〇:資格取得時決定、随時改定、育児休業等終了時改定、産前産後休業終了時改定
●:定時決定
→:有効期間
(3)特別な場合の標準報酬
- 任意継続組合員の標準報酬
次の方法により計算した標準報酬の額のいずれか低い額が、適用されます。
1) 退職時の標準報酬の月額
2) 全組合員の平均の標準報酬の月額(前年度の9月30日現在)
参考(令和5年度)440,000円 - 継続長期組合員の標準報酬
公庫などの事業主から、健康保険法の規定に基づく標準報酬の決定の通知を受け、その報告の標準報酬を参酌して決定します。
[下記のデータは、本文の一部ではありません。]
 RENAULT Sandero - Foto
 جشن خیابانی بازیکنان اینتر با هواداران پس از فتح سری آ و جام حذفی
また、継続長期組合員が公庫などから復帰したときの標準報酬は、新たに組合員資格を取得したものとして標準報酬を決定します。 - 短期組合員の標準報酬
短期組合員の標準報酬は、日本年金機構が決定する第1号厚生年金保険における標準報酬月額を用いて地共済(短期)の標準報酬月額とすることとされています。よって、短期組合員の標準報酬の決定に当たっては、厚生年金の標準報酬決定に従います。
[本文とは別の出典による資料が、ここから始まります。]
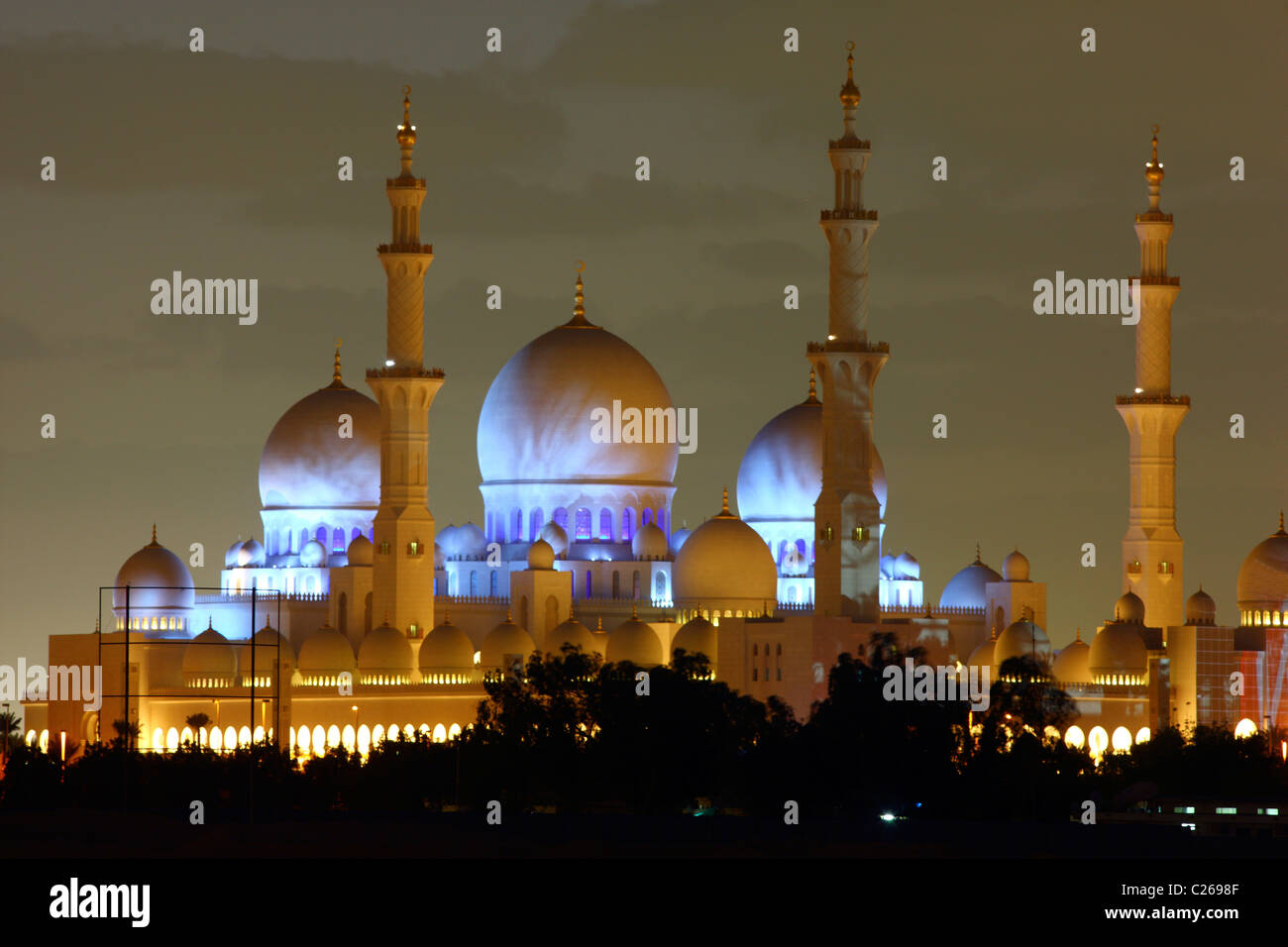 Sheikh Zayed Mosque, Abu Dhabi. Third biggest mosque in the world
短期組合員が一般組合員となった場合は、長期給付(第3号厚生年金保険)の資格を取得することとなるため、組合員資格を新たに取得したものとして標準報酬を決定します。
(4)標準報酬月額等級表
◆令和4年10月1日以降の標準報酬等級表はこちら
ボーナスについて「標準期末手当等の額とは?」
標準期末手当等の額
ボーナスを受けた月において、組合員が受けた期末手当等(期末手当、勤勉手当、特定任期付職員業績手当及び任期付研究員業績手当に相当する給与が該当)の額に基づき、千円未満の端数を切り捨てたうえで、標準期末手当等の額を決定します。